Interview: Ioannis Stergiopoulos zur Flüchtlingslage in Idomeni „Eine Schande für Europa“
Wuppertal · Zwischen 12.000 und 15.000 Flüchtlinge sitzen seit Wochen in dem kleinen griechischen Ort Idomeni an der (geschlossenen) mazedonischen Grenze unter katastrophalen Lebensbedingungen fest. Rundschau-Redakteur Stefan Seitz sprach mit dem deutsch-griechischen Wuppertaler SPD-Ratsmitglied Ioannis Stergiopoulos.

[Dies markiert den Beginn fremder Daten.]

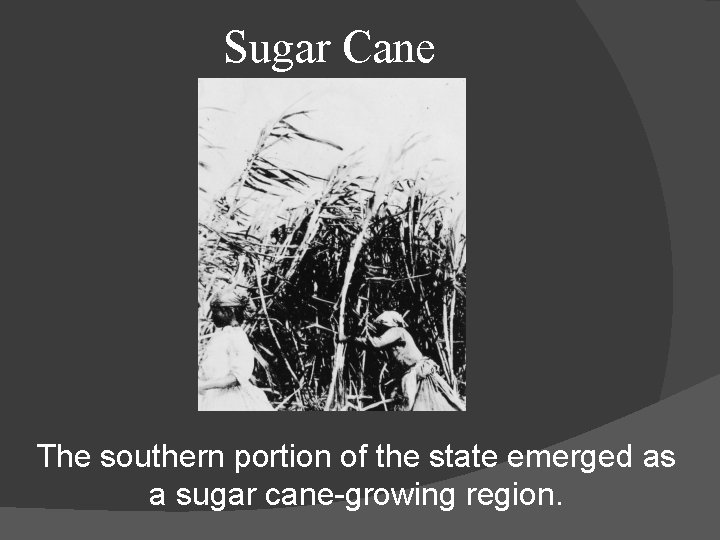 Sugar Cane The southern portion of the state emerged as a sugar cane-growing region.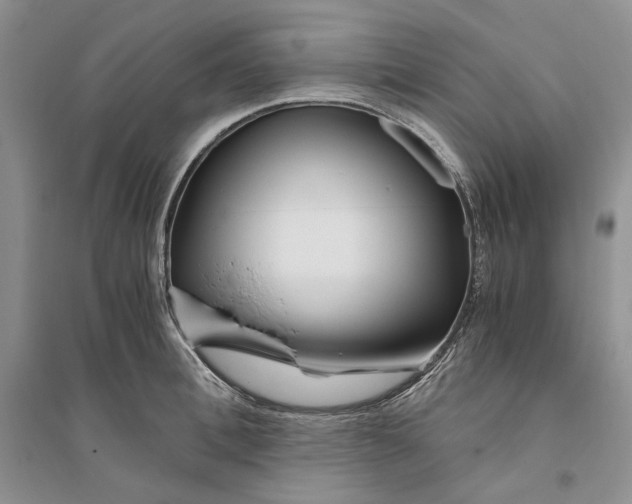 X0000094080996200711091211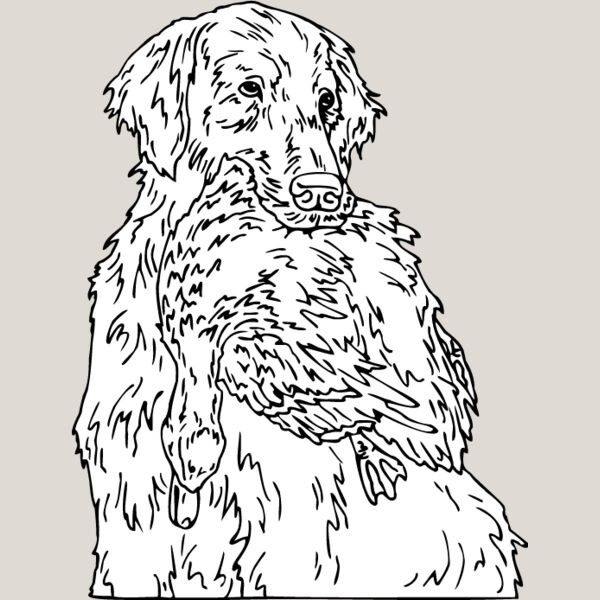 Golden Retriever2 Thumbnail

Sie sind Grieche, Deutscher, Europäer. Was empfinden Sie angesichts der Bilder aus Idomeni?
Es ist ein Schande für Europa, dass es keine Lösung für diese unwürdige Situation gibt. Hier werden 15.000 Menschen einfach ihrem Elend überlassen. Man könnte jetzt auch fragen, was denn der griechische Staat tut. Aber der kann offenbar auch nicht so, wie er will. Griechenland steckt ja immer noch tief in der Krise. Das ist völlig in Vergessenheit geraten. Einen Lichtblick sehe ich aber: Die Bevölkerung in und um Idomeni hilft den Menschen so gut es irgendwie geht.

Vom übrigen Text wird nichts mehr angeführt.